A second point to highlight is that we see that anything mentioned as a CoD, even in the context of “history of” that had (presumably) been long resolved, is a legitimate CoD insofar as assigning an ICD 10 code and epidemiological data are concerned.
This decedent suffered a cardiac arrest that ultimately led to her death *ONE DAY* after being vaccinated.
(For the record, I am not bothered by the “though it’s not clear as to any mechanism for how the vaccine could have led to the cardiac arrest” line. This death occurred February 24, 2021 – well before there was any sort of public awareness about the multiple plausible mechanisms by which the vaccine could cause heart damage. So to me, whoever filled out the death certificate was a gutsy fellow willing to identify a covid vaccine on a death certificate that had his name on it.)
Fraudulent Death Certificate #3
This death certificate doesn’t merely identify a covid vaccine, it explains that the decedent “felt sick after the vaccine” and died 4 days later from a heart attack.Yet, no T88.1 or Y59.0.
This death certificate provides that the decedent received her second dose of Pfizer 18 days prior to her death.
Here we have a 65-year-old male who was killed by a heart attack 12 days after getting vaccinated.
This case is especially noteworthy. Someone involved with this death informed me that the family had to pressure the coroner to put the recent covid booster on the death certificate. A family member also filed a VAERS report themselves, after the patient’s doctors declined to do so.
Furthermore, the CDC applied W34 as the UCoD. What is W34 for?
‘accidental discharge and malfunction from other and unspecified firearms and guns.’
There is no mention of any firearms mishaps on the death certificate.
One would have to wonder how such an errant code came to be, especially on a death certificate that contains other ICD 10 shenanigans. It is unlikely that ‘Y590’ or ‘T881’ would be ‘misspelled’ or algorithmically mixed up with ‘W34.’
Perhaps if there were no other instances of fraudulent omittance of vaccine ICD codes on other death certificates, and the CDC wasn’t in the habit of routinely assigning U07.1 for a covid infection that resolved a year ago, the failure to include T88.1 or Y59.0 here could be excused.
At minimum, this death certificate should contain T88.0 – ‘Infection following immunization’ – to document the breakthrough infection (which is a subject for a separate article as this seems to be fairly widespread).
Additional Observations
The following table shows the date of death and age for all 9 death certificates shown above that identified a covid vaccine as a CoD:
It is striking that 7/9 died before May 2021. This is odd – if anything, the deaths should skew later, not earlier. Vaccine adverse events were denied – with maximum prejudice and then some – for many months before the medical mainstream has finally (begrudgingly) started to acknowledge that the covid vaccines can trigger potentially lethal pathologies (in exceedingly rare instances to be sure).

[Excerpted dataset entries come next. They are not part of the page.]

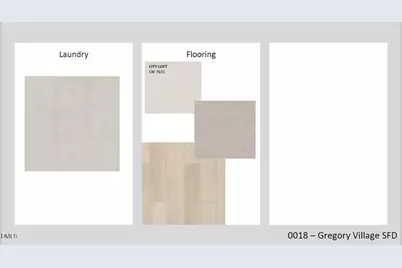 292 Gregory Village Drive, Lillington, NC 27546 - Photo 27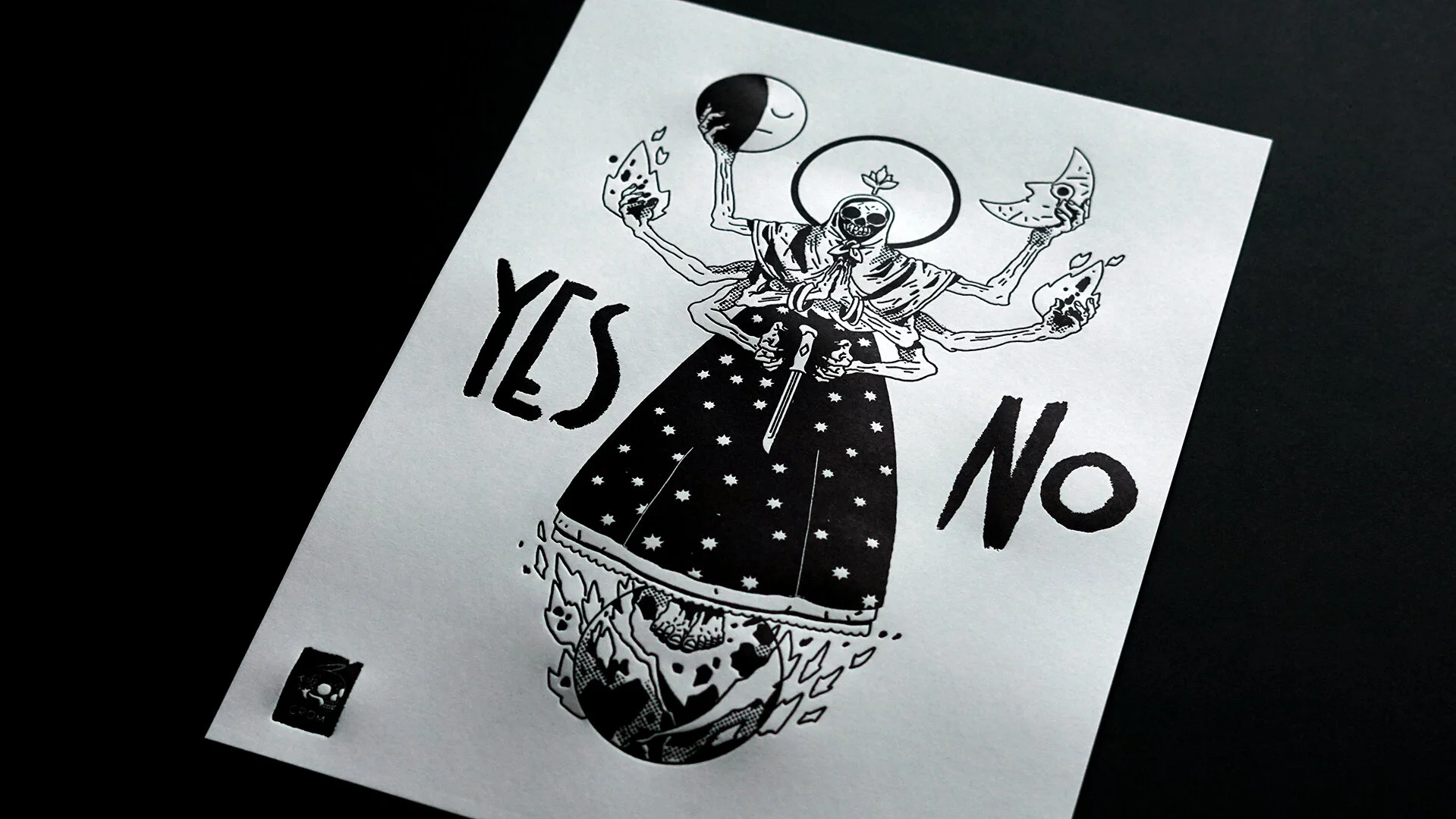 Printshots_yes_no_EDITED_4.JPG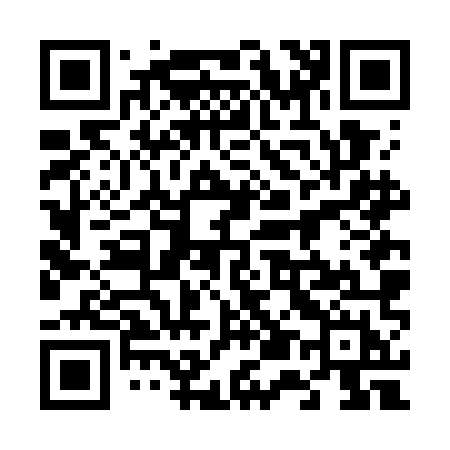 QR code for 656GMH
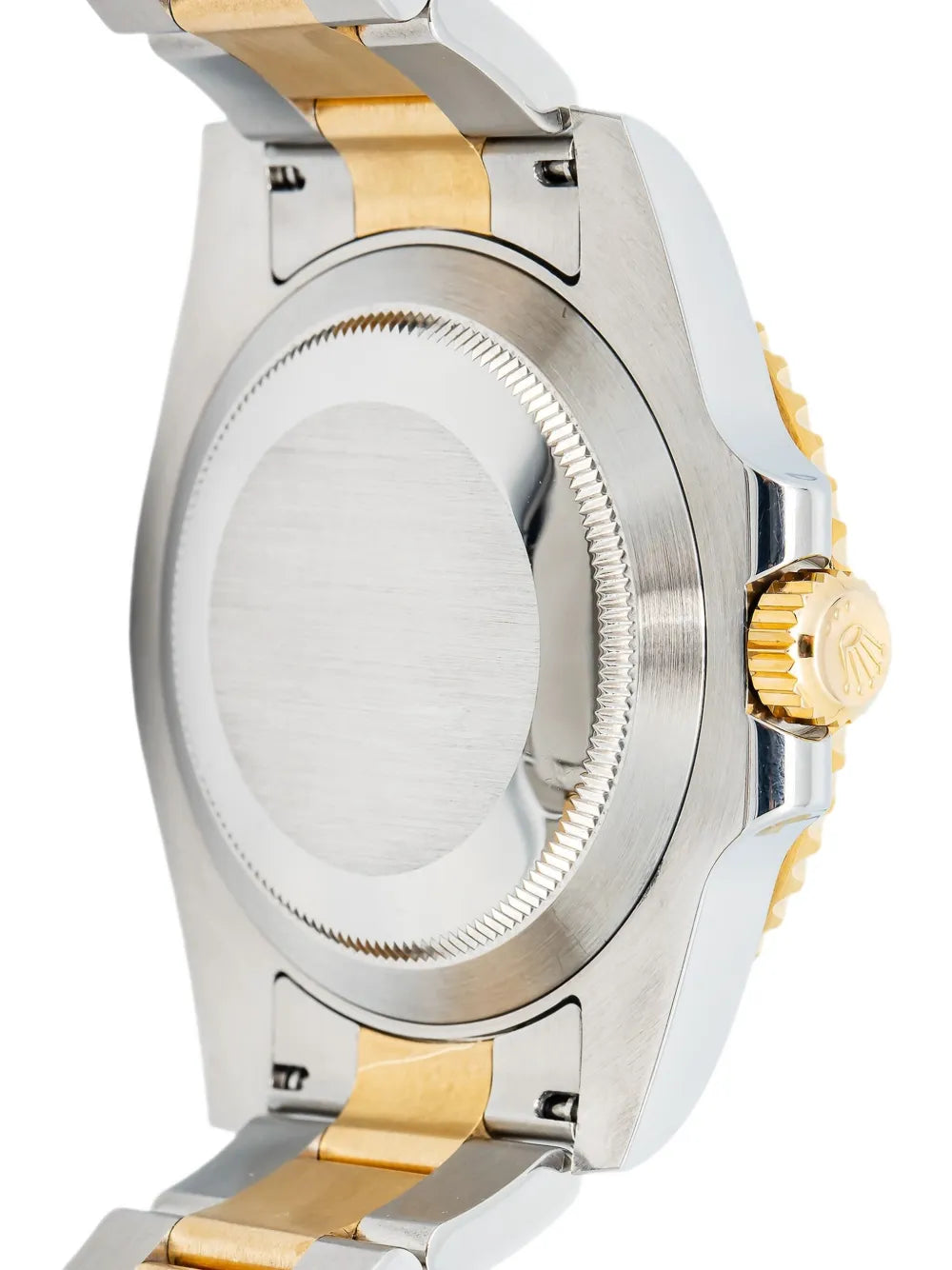 Rolex reloj Submariner de 40mm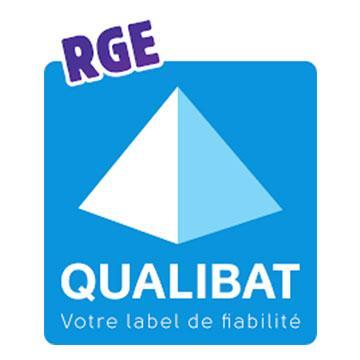 rge qualibat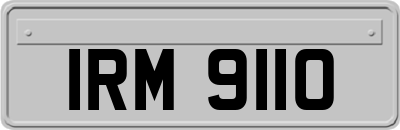 IRM9110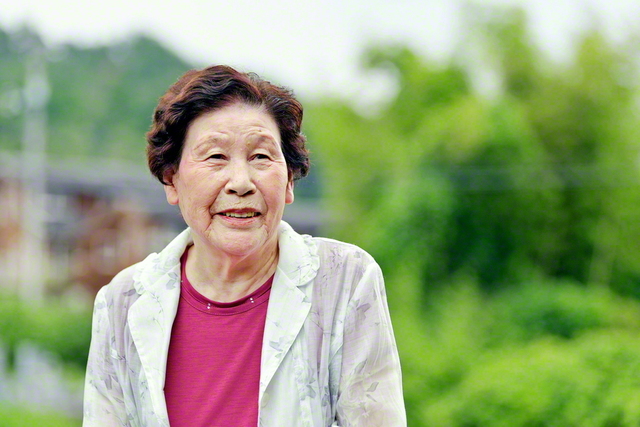 聖教新聞 信仰体験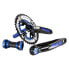 Фото #1 товара MSC X12 Integrated Crankset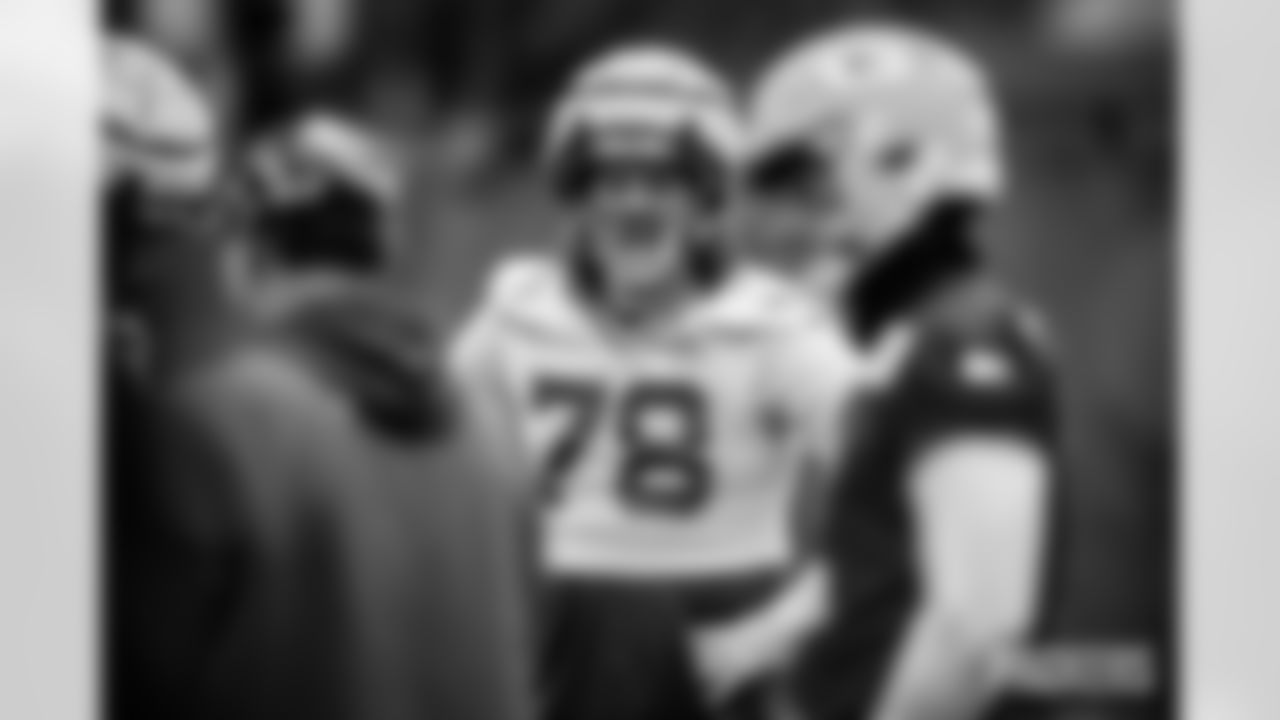 240103-practice-gallery-batch-2-pravecek19
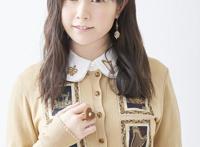 2019年冬番动画声优出演作品数量排行榜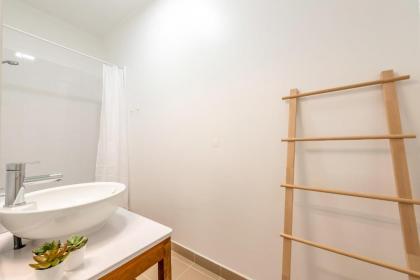 Castle- Apt for up to 4 guests in Saldanha - image 15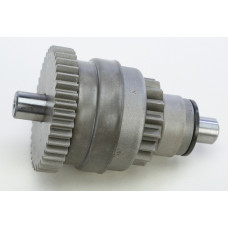 STARTER DRIVE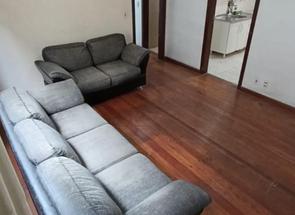Apartamento, 3 Quartos, 1 Vaga, 1 Suite em Alto Caiçaras, Belo Horizonte, MG valor de R$ 440.000,00 no Lugar Certo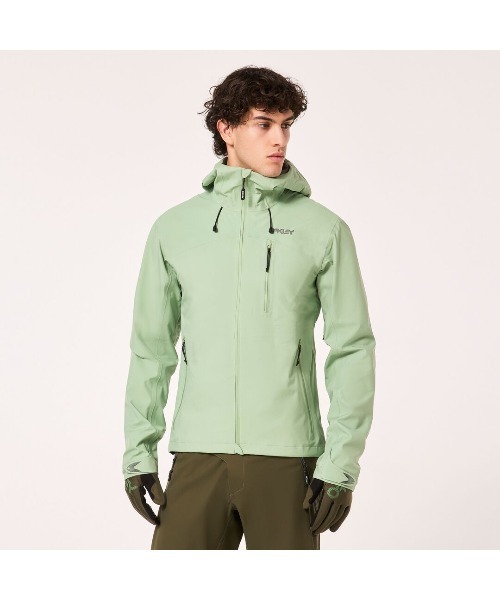 OAKLEY（オークリー） コート ジャケット メンズ : ZOZOTOWN Yahoo!店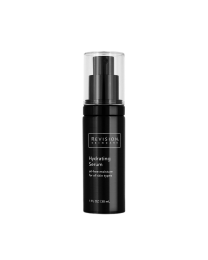 Revision Skincare Hydrating Serum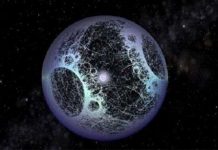 Trái đất sẽ ra sao nếu người ngoài hành tinh tồn tại?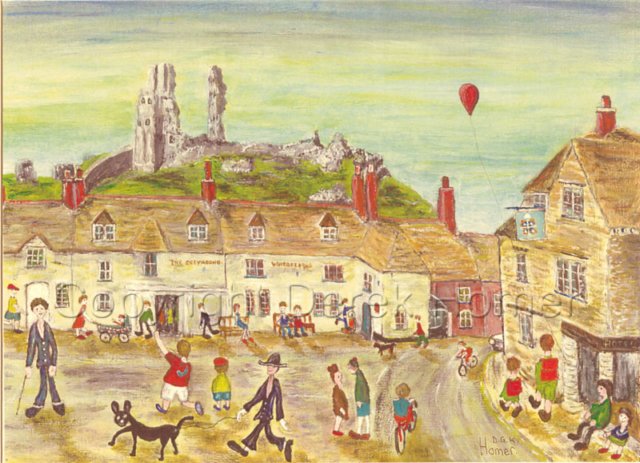photo23.jpg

The clustering of death certificates mentioning a covid vaccine at the beginning of the rollout suggests that ‘administrative’ interference likely played a role in discouraging coroners from mentioning a covid vaccine on death certificates.
Another noteworthy tidbit here is the age of the decedents: every single one is a senior citizen, and the average age of the decedents is 80. This is important to highlight because whereas young people “dying suddenly” stands out, there has been much less attention or acknowledgement of the covid vaccine’s devastating toll upon the old and frail, where deaths – even those that occur in close proximity to vaccination – are readily attributed to prior health conditions.
Finally, the actions of the CDC call into question whether the CDC is altogether qualified or trustworthy enough to be the steward of the nation’s epidemiological data. The CDC manages many of the datasets that underpin whole fields of study. If the CDC is willing to fraudulently alter data (or even if the CDC is just too incompetent to avoid corrupting data), all data under the aegis of the CDC is potentially suspect, especially if it relates to a controversial political or social issue. The implications of this are disturbing, to say the least.